** Material provided follows **
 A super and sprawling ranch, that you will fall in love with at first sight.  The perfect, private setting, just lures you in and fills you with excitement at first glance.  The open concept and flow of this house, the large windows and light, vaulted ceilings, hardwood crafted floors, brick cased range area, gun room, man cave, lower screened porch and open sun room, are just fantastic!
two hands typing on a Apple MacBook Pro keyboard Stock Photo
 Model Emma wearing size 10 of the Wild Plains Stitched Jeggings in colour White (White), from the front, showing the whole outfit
** End of Material provided **
** Material provided follows **
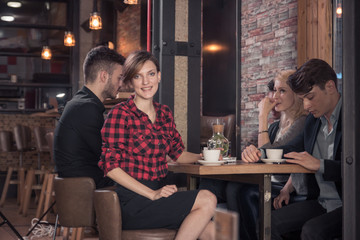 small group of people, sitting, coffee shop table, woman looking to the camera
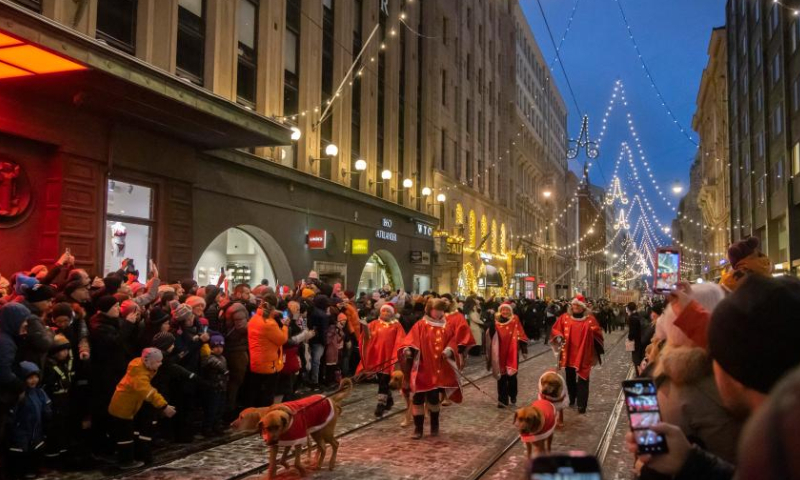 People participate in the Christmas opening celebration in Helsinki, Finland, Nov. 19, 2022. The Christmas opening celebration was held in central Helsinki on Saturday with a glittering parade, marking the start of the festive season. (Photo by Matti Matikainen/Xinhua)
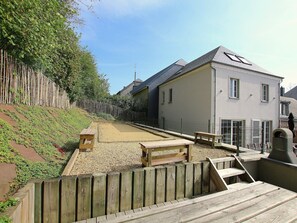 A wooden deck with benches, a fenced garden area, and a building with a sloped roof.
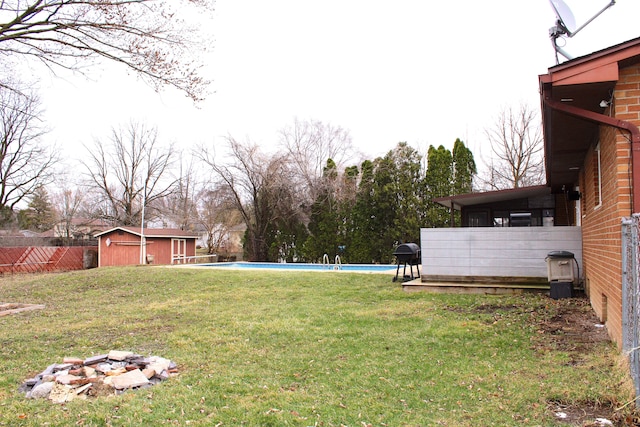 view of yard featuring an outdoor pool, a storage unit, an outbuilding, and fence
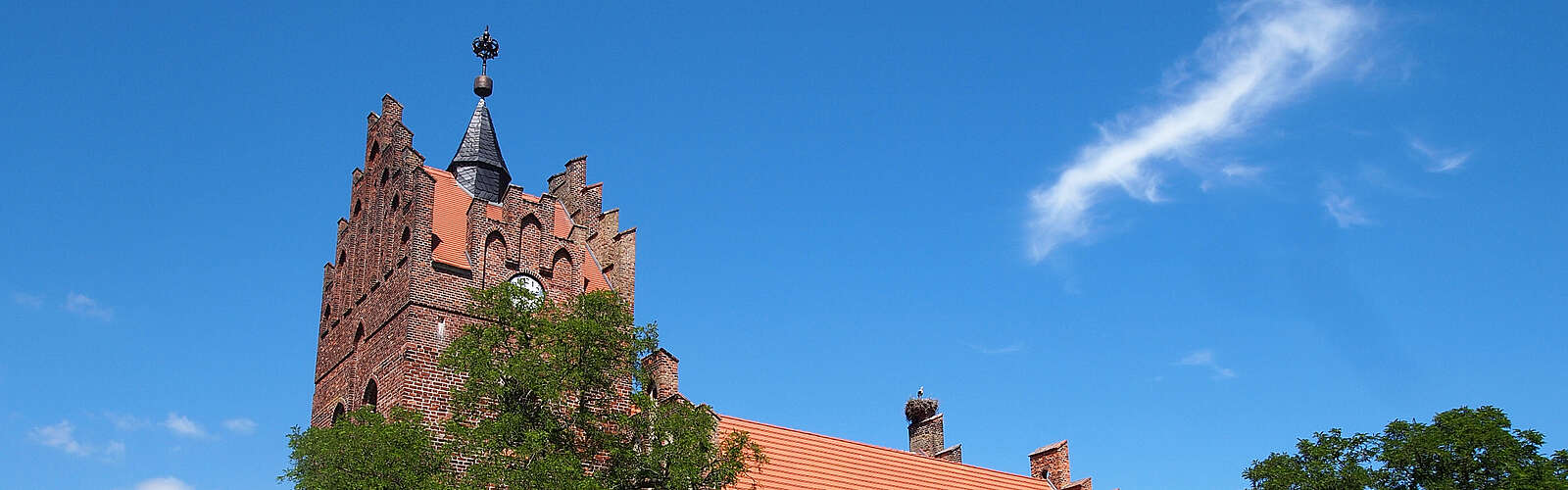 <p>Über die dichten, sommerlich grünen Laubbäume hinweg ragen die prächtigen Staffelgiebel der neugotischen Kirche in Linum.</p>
** End of Material provided **
** Material provided follows **
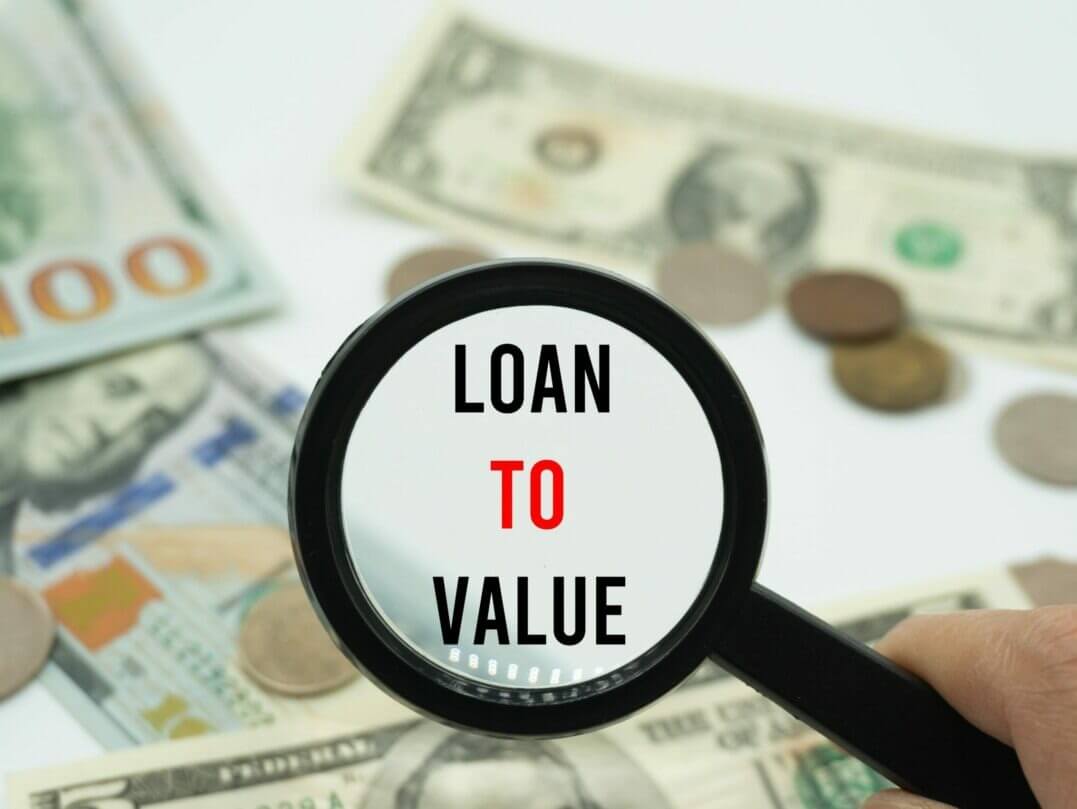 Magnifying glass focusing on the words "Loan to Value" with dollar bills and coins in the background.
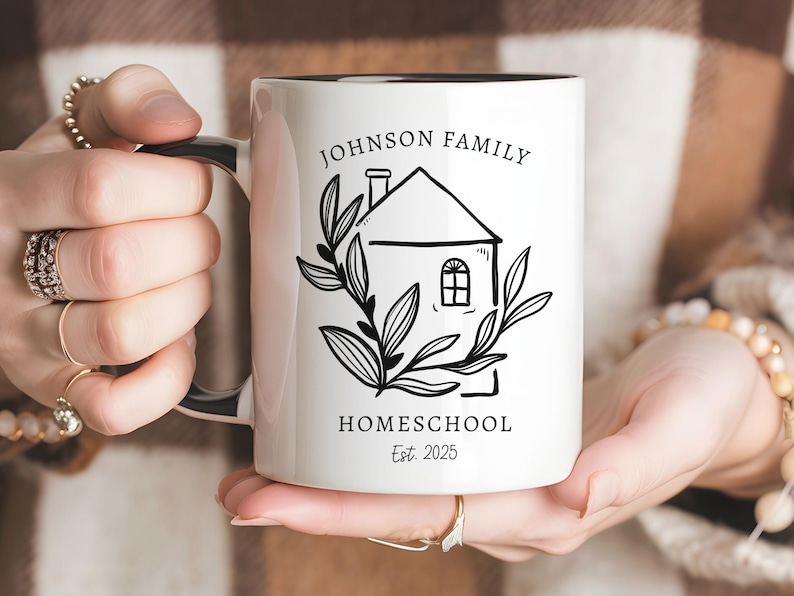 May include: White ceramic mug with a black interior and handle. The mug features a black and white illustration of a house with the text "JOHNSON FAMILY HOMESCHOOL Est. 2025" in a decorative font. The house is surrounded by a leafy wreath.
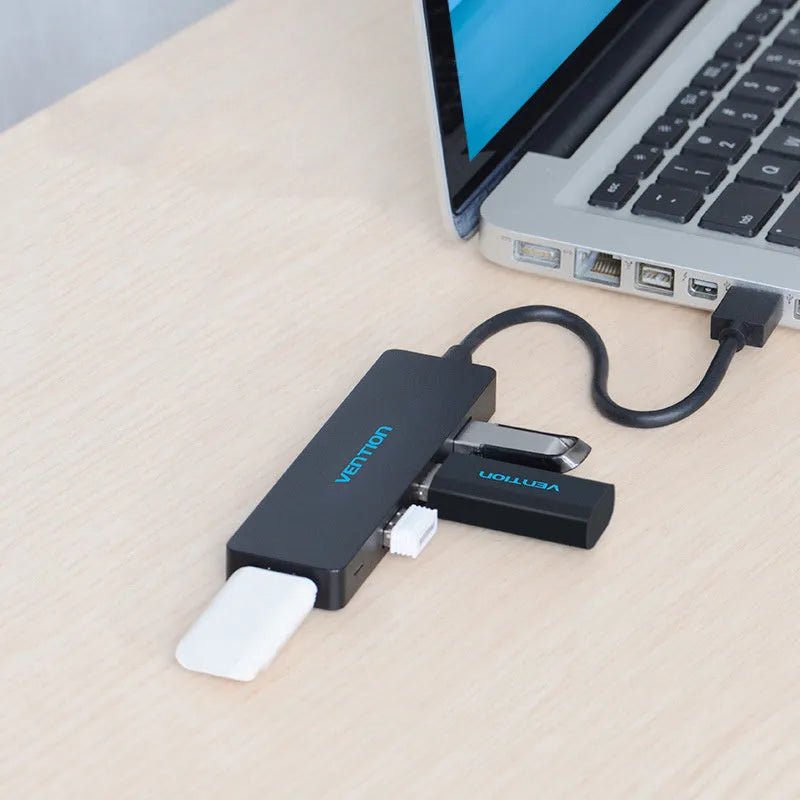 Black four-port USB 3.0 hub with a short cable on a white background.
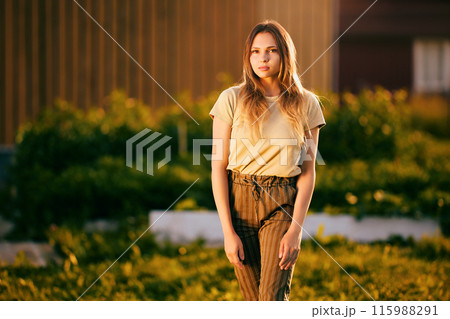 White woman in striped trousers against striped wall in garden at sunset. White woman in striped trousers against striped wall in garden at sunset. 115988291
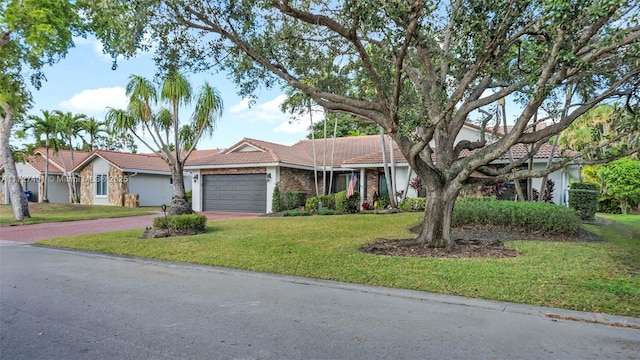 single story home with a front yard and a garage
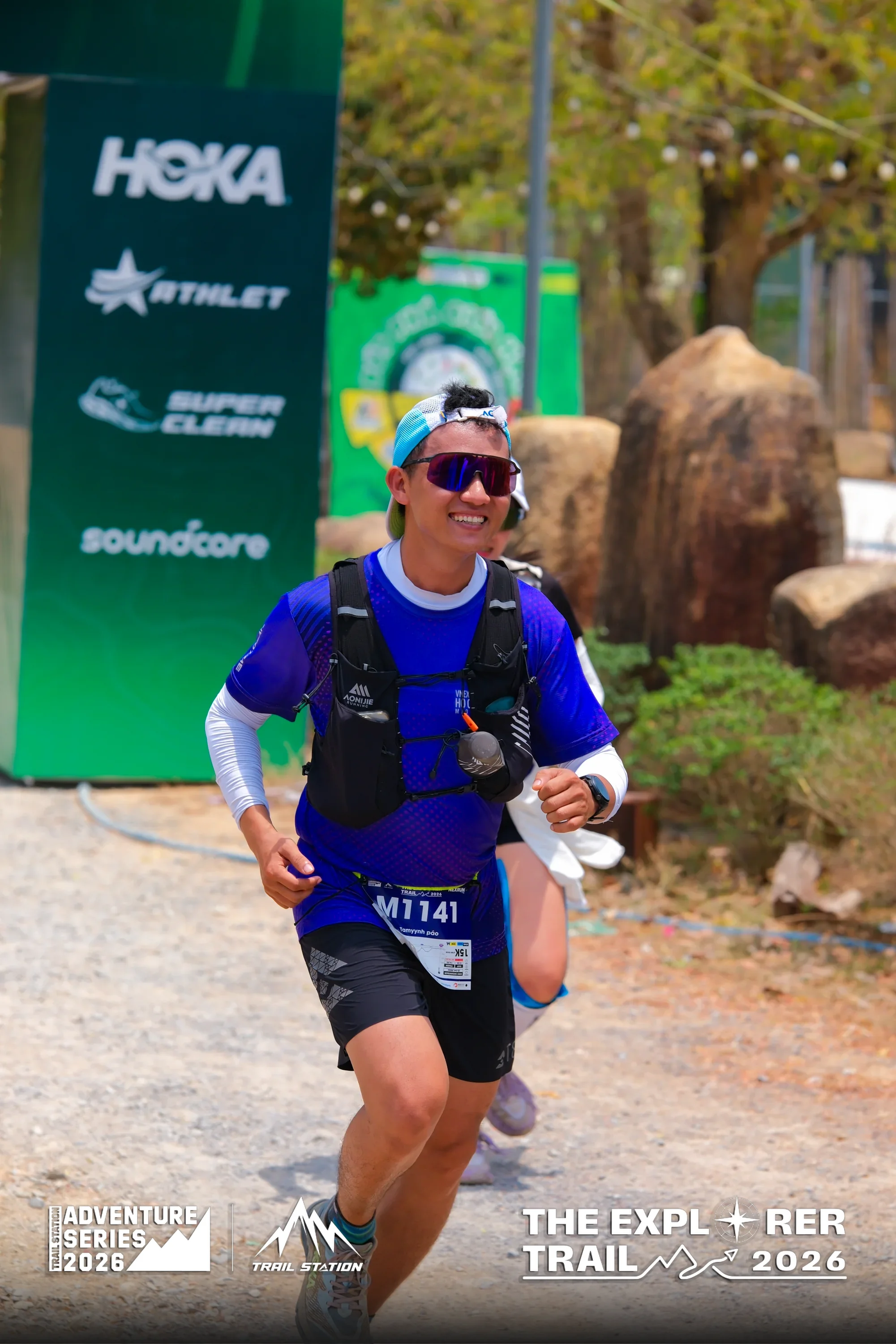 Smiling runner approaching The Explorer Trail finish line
** End of Material provided **
* **Action item**
Using the entries above, write out exactly the lines from the one with "People participate in" through the one with "<p>Über die dichten, sommerlich", ends included. Leave out any pictures.

* **Answer box**
 People participate in the Christmas opening celebration in Helsinki, Finland, Nov. 19, 2022. The Christmas opening celebration was held in central Helsinki on Saturday with a glittering parade, marking the start of the festive season. (Photo by Matti Matikainen/Xinhua)
 A wooden deck with benches, a fenced garden area, and a building with a sloped roof.
 view of yard featuring an outdoor pool, a storage unit, an outbuilding, and fence
 <p>Über die dichten, sommerlich grünen Laubbäume hinweg ragen die prächtigen Staffelgiebel der neugotischen Kirche in Linum.</p>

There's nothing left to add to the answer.